Responses to emails! The sharp-eyed among you may have noticed that I've taken down my email address from the sidebar - this is because I was getting deluged with so many emails that it was taking me literally months to reply to them. >.< So, huge apologies to those of you who sent me emails back in February and are still awaiting replies.
Today I thought I would begin taking a few of the queries sent to me and pop them up here (anonymously, of course!) so that other readers can share their thoughts and advice. After all, I am not an oracle, and there is usually somebody lurking around on this blog who has better advice than me. ;-)
I received an email entitled 'Brotherly Woes' back in February, in which a young lady asked, "I have a serious problem. I just happen to live with a passive anti-goth kid. As in he hates me being goth but is too lazy to do anything serious about it... yet. Due to the fact that my Dad snores and my mum's driven into another room leaves me sleeping in a bunk bed with my little brother. I'm so desperate to turn that room into a goths dream bedroom but I have no idea how to go about it as I have no idea what he might do, or what mum might too. :("
I don't have any brothers or sisters so I can't entirely relate to this dilemma, but I do know that many siblings are known to roll their eyes and make mocking comments about a brother or sister's interest in Goth. However, I wonder what sort of 'serious' action Little Bro could possibly take? A slightly younger friend of mine once had her Gothy skirts cut to ribbons by a sibling, and responded in kind by taking the scissors to her sister's pyjamas, so I DO understand the concern. But short of paying to get you lobotomised, I'm not sure that a sibling can actually stop one from being Goth.

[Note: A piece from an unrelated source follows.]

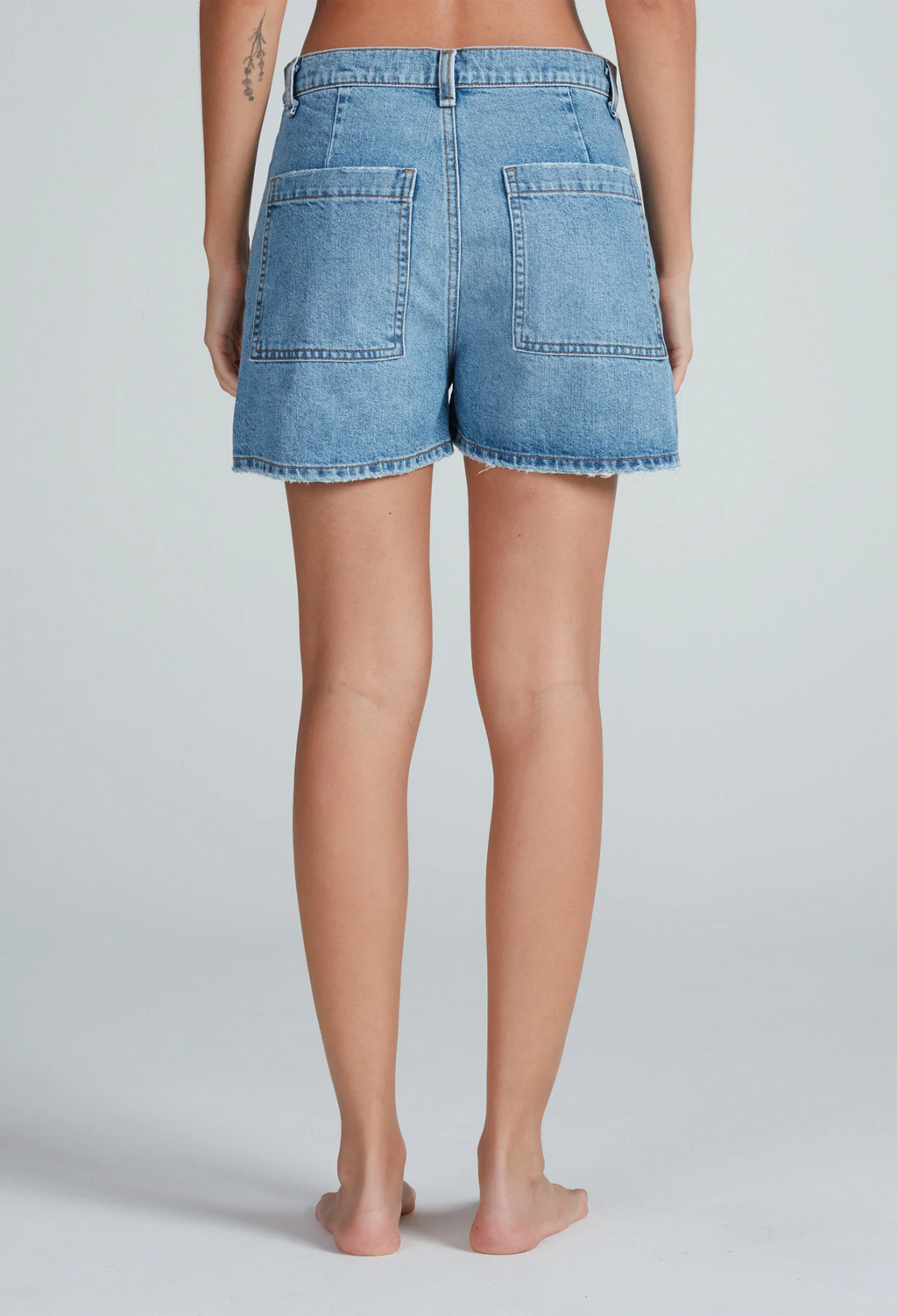 the back of a woman wearing light denim shorts with two large patch pockets. white background.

|Source: Let the Angels Commit|
Hopefully if your parents understand your desire to have a little bit of spookiness in your surroundings they will give you permission to do what you can to your own area as long as you don't encroach on your brother's own space. (Also, having discussions with the parental units provides protection from siblings liable to 'accidentally' damage your Gothier pieces of decor in a fit of pique.)

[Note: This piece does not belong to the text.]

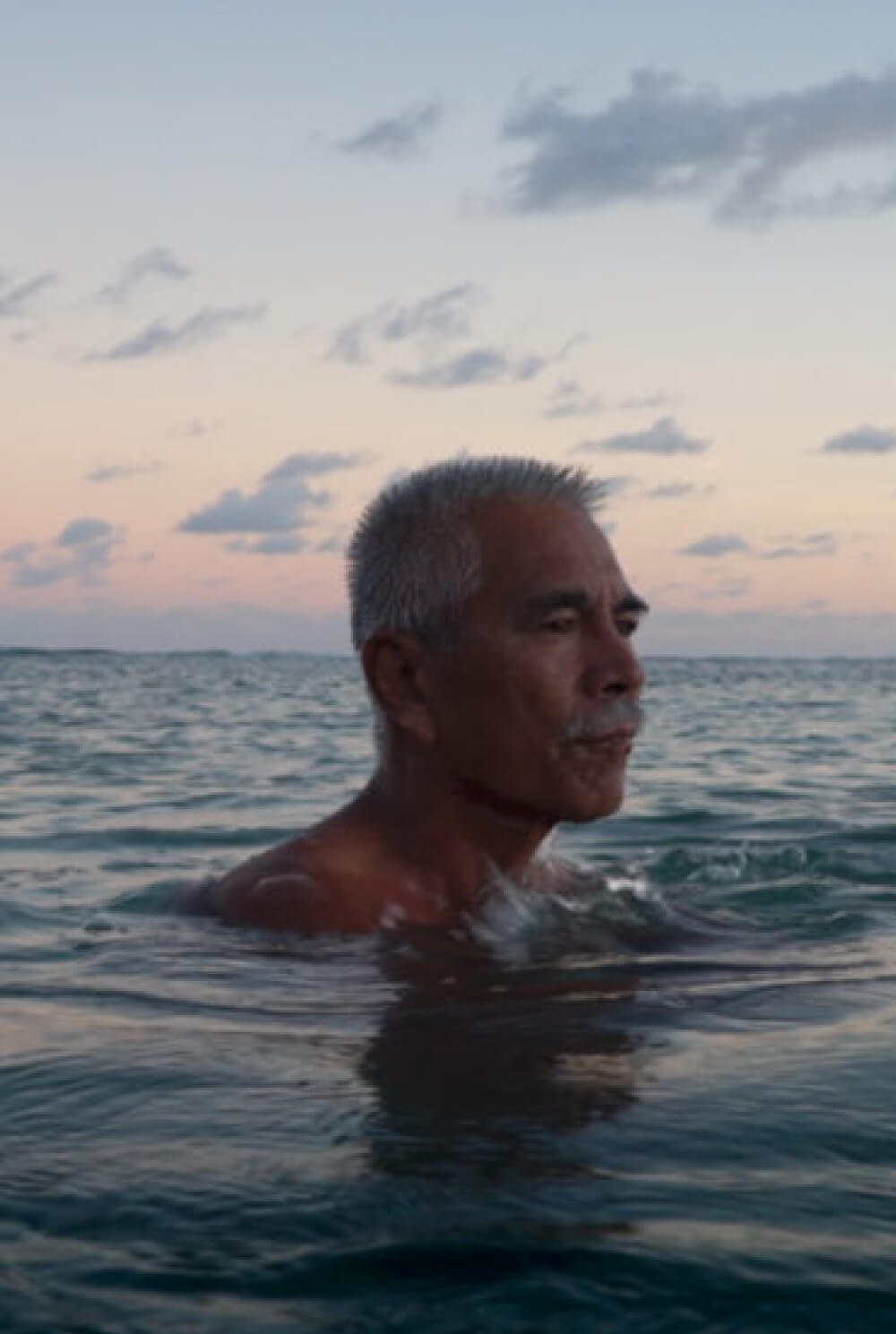 Anote Tong, former president of Kiribati, bathes in the sea during golden hour.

Speaking to your parents might also help give you peace of mind about your brother's 'anti-Goth' tendencies. Depending on your brother's age, could it be worth having a conversation with him also about what it is he has a problem with about you being Goth? Is it really Goth he has a problem with, or does he just like having something to needle you about - in which case, feel free to ignore him. If, however, he has genuine concern or distaste regarding your appreciation for Goth, it might help to talk it through with him.

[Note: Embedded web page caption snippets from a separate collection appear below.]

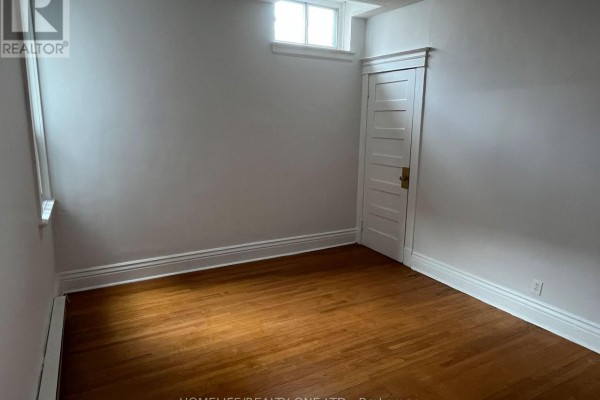 Empty room with hardwood floors and a single window. - 479 Parliament Street, Toronto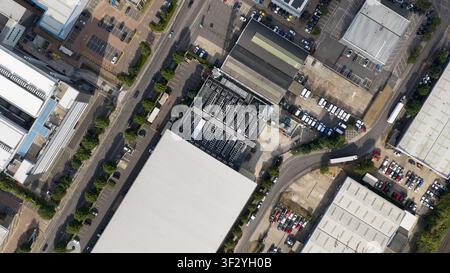 Aerial view of rooftop cooling systems on large data centers in Slough, showing cloud infrastructure, power demand and digital technology near London. Stock Photo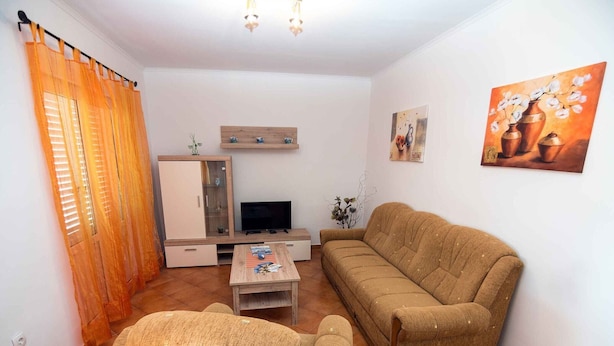 A living room with a sofa, a coffee table, a TV, and a cabinet. - Superior Two Bedroom Apartment with Sea View and Terrace (Rab)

But, if he is the kind of little brother who likes to be aggravating, he may try to provoke you and cause an argument - don't let any provocative or unpleasant comments regarding Goth get to you. Just change the subject or walk away. Don't be drawn into any arguments with your brother on the subject as this will help keep your parents on-side - you don't want them to end up disapproving of your Goth-ness as well. Keep your cool and refuse to rise to the bait. With time, it's likely he'll get bored of trying to irritate you on that particular subject or simply come to accept it.
Best of luck!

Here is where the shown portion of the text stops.